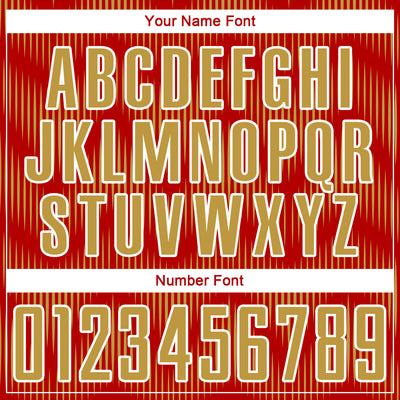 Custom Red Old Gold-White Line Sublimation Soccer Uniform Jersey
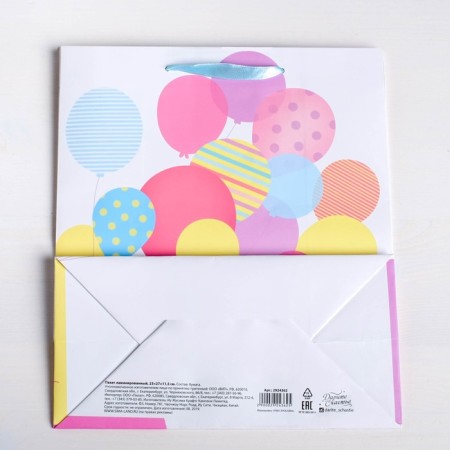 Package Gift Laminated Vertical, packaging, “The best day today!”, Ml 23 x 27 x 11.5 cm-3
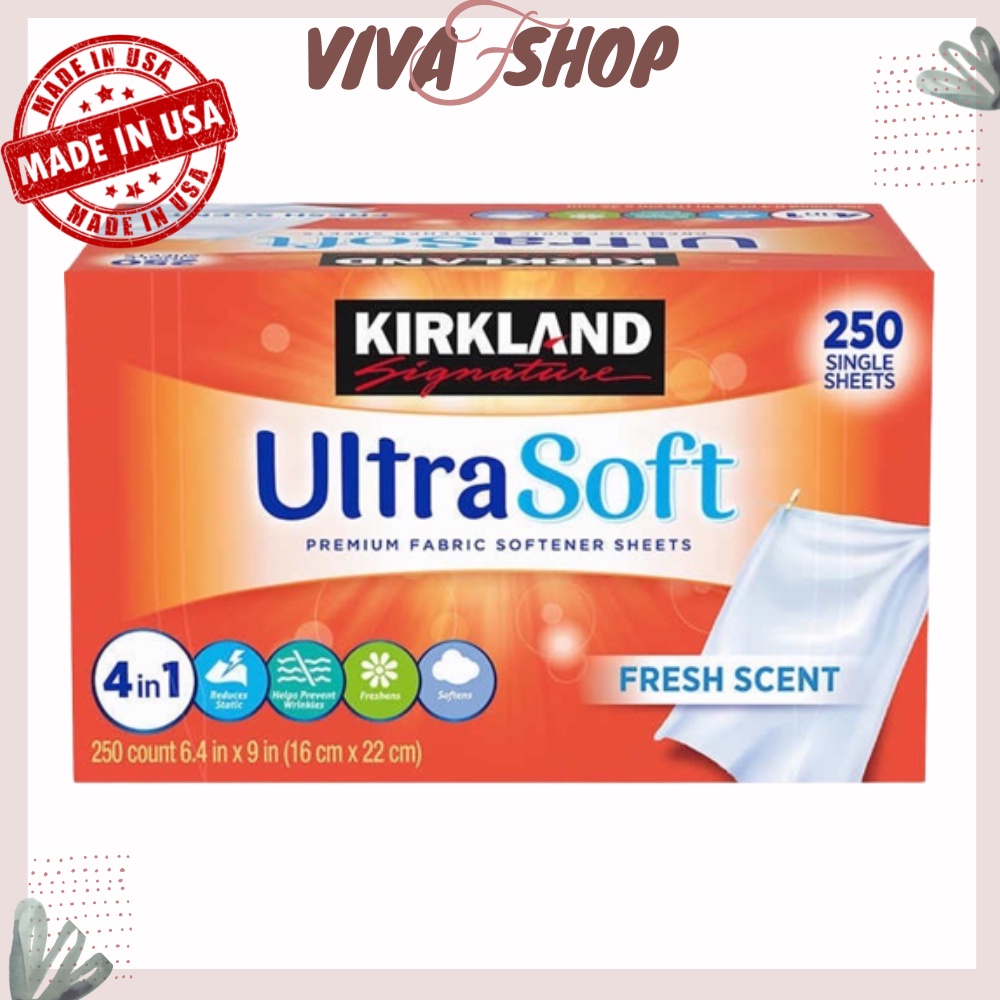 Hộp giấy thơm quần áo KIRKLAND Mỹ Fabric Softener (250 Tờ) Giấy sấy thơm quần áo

---

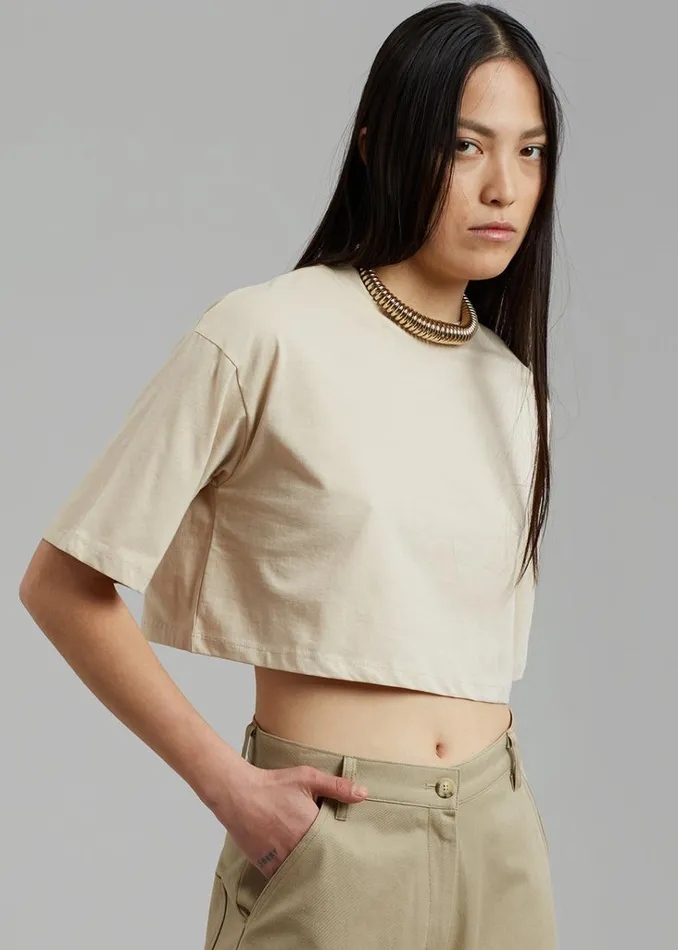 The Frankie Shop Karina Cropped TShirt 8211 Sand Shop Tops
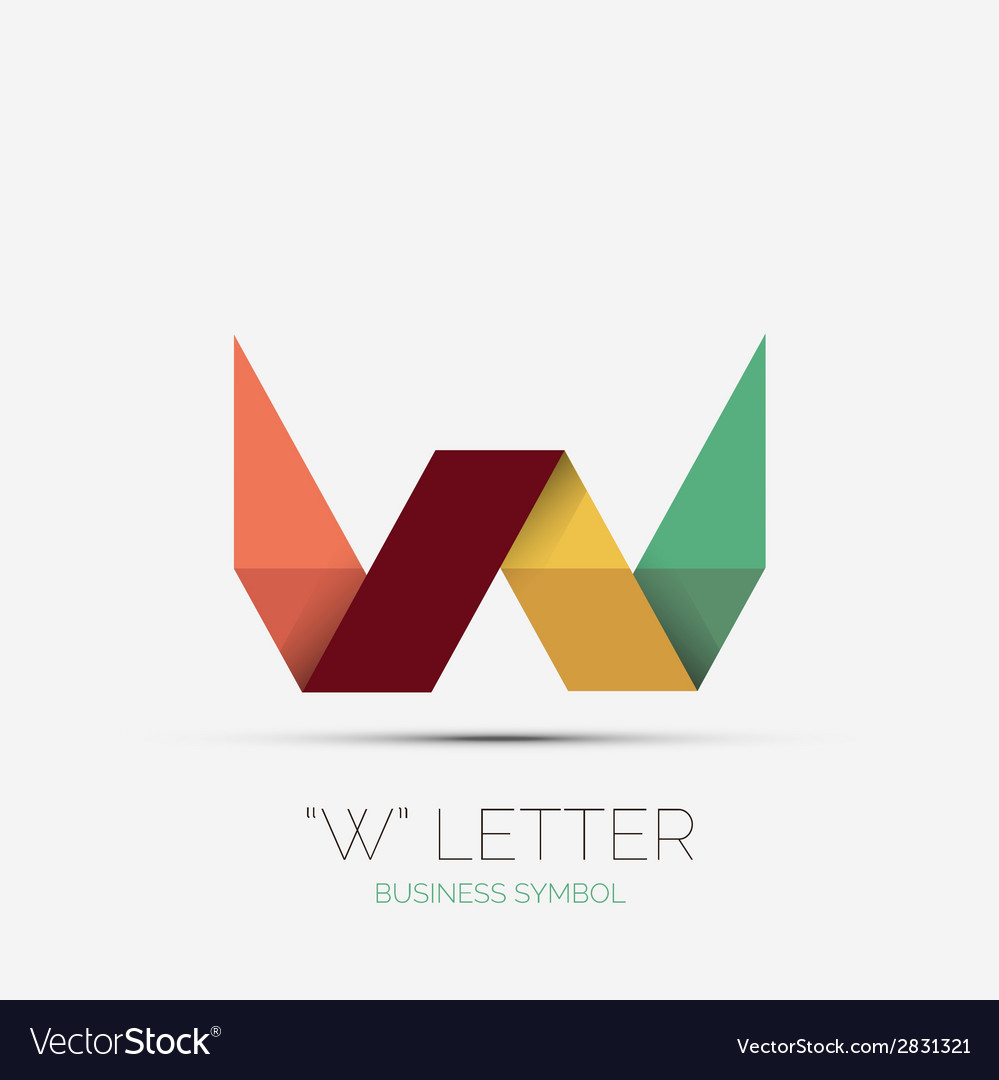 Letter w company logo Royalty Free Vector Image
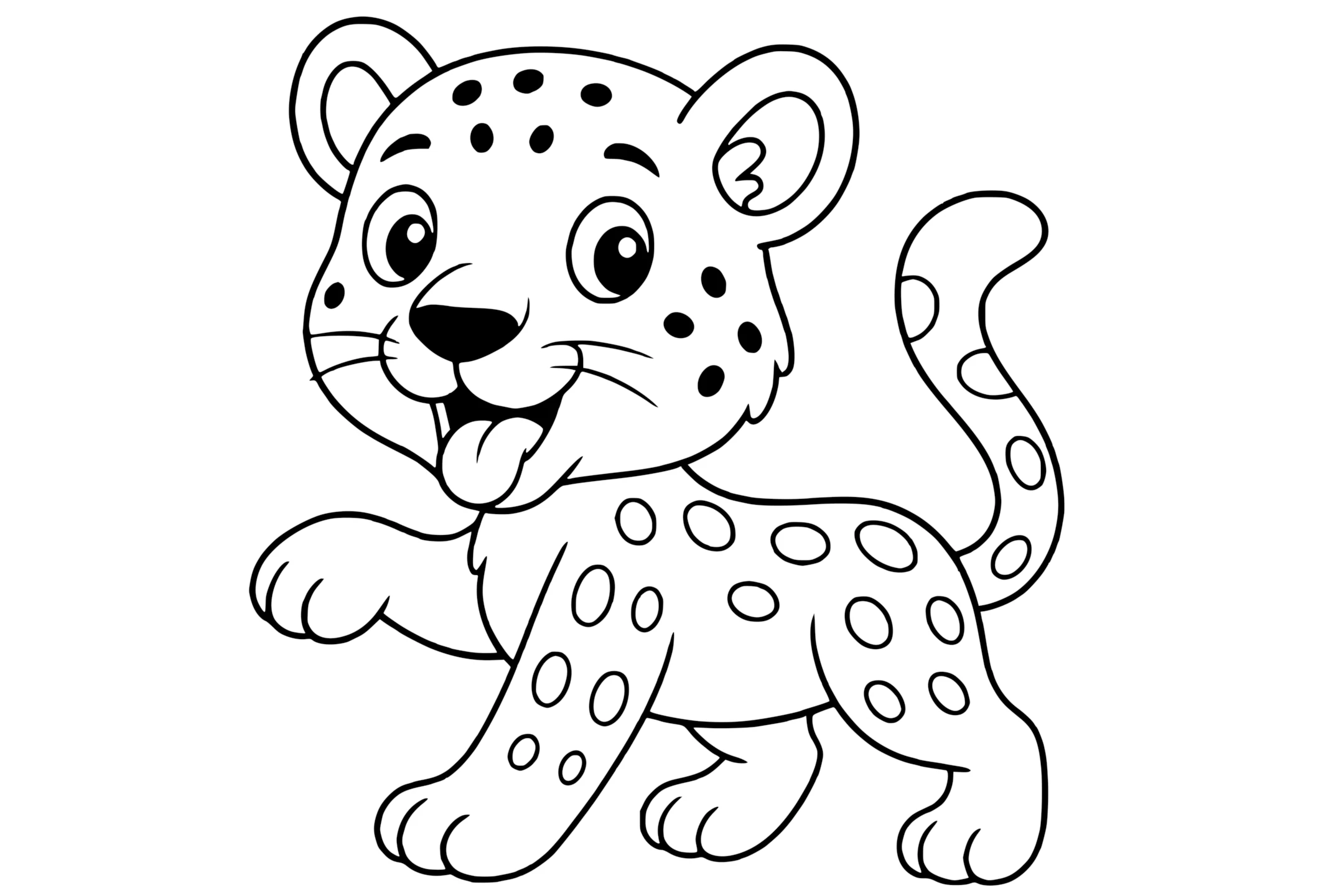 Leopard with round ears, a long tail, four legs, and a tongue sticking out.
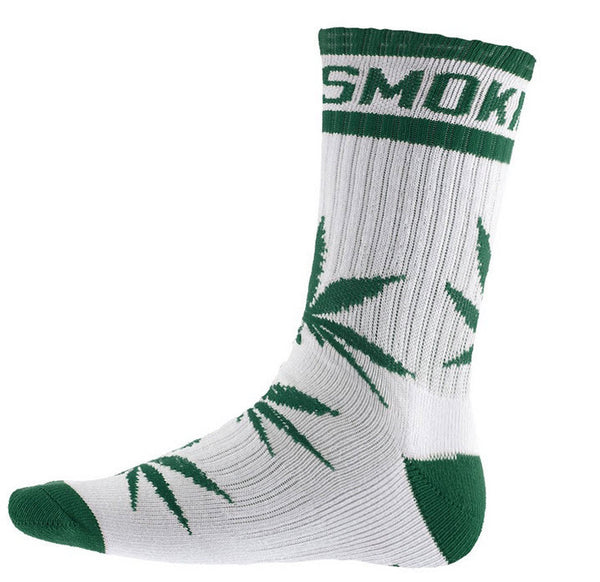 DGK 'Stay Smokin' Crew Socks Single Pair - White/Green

---

**WHAT THE EXERCISE ASKS**.
Everything from the line with "Custom Red Old" down to the line with "Hộp giấy thơm" in the data above should be copied exactly, with both end lines kept and the pictures left out.

**EXERCISE OUTPUT**.
 Custom Red Old Gold-White Line Sublimation Soccer Uniform Jersey
 Package Gift Laminated Vertical, packaging, “The best day today!”, Ml 23 x 27 x 11.5 cm-3
 Hộp giấy thơm quần áo KIRKLAND Mỹ Fabric Softener (250 Tờ) Giấy sấy thơm quần áo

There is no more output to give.